→ **Task**
Output the data below line for line, exactly, up to and including the line where "y vibraciones OSRAM" appears.

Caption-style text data
▬▬▬▬▬▬

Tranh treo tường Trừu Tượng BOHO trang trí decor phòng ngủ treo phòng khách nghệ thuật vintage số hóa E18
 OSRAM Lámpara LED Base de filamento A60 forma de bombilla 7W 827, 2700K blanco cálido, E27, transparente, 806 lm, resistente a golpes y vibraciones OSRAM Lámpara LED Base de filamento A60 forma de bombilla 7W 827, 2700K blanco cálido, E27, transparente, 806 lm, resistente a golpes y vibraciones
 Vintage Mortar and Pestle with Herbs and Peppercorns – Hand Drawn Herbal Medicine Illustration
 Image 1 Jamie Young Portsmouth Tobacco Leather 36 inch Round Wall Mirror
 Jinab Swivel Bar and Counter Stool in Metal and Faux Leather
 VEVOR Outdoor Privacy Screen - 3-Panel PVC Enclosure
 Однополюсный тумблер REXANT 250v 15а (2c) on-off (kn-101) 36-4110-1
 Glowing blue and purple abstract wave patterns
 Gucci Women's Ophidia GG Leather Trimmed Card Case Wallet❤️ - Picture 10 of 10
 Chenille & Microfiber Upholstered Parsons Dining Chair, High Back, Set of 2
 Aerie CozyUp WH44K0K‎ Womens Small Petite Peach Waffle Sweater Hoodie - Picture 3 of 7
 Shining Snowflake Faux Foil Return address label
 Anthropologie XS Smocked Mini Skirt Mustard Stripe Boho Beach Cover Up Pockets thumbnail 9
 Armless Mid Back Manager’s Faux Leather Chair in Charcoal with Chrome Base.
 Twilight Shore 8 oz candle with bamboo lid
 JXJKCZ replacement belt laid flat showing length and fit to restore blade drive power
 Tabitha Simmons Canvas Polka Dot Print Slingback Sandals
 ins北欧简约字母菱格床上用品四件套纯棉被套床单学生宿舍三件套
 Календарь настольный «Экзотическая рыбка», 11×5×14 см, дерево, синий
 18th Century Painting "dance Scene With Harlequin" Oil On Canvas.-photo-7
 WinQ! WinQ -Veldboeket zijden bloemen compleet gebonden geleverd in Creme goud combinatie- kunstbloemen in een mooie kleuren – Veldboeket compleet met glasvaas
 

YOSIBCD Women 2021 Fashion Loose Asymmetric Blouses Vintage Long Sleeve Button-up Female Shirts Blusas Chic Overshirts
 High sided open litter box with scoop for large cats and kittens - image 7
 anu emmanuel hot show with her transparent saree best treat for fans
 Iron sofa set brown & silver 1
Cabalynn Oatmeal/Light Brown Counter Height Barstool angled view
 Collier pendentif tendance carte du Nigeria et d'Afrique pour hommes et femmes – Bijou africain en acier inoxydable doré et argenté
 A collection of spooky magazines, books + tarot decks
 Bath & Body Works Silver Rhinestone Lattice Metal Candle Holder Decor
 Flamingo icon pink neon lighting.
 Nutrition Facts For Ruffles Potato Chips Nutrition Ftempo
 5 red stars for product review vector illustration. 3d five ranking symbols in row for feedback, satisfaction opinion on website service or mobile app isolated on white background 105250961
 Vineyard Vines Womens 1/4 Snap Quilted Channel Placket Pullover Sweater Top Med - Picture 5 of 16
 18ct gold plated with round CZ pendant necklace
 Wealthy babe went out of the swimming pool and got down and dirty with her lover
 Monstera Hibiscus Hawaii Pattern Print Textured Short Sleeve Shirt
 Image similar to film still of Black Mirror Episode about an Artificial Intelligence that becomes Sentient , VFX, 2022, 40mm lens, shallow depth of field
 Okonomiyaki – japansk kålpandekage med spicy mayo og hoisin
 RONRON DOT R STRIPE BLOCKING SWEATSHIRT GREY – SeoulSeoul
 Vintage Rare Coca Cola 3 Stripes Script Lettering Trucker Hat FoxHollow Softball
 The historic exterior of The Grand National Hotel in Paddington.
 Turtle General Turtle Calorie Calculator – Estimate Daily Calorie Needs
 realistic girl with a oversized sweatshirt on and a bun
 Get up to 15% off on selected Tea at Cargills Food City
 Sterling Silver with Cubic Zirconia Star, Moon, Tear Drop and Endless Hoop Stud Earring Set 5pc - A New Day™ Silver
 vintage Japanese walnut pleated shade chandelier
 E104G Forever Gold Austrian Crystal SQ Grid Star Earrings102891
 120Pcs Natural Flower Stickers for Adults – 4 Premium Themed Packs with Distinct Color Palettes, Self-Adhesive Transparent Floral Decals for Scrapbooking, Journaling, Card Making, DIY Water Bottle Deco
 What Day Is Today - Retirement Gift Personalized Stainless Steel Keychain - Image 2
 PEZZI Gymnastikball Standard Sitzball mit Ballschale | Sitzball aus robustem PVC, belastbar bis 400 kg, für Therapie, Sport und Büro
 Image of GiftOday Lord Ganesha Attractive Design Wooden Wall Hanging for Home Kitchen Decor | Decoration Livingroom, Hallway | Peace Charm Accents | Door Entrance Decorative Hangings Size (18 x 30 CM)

▬▬▬▬▬▬

→ **Result**
Tranh treo tường Trừu Tượng BOHO trang trí decor phòng ngủ treo phòng khách nghệ thuật vintage số hóa E18
 OSRAM Lámpara LED Base de filamento A60 forma de bombilla 7W 827, 2700K blanco cálido, E27, transparente, 806 lm, resistente a golpes y vibraciones OSRAM Lámpara LED Base de filamento A60 forma de bombilla 7W 827, 2700K blanco cálido, E27, transparente, 806 lm, resistente a golpes y vibraciones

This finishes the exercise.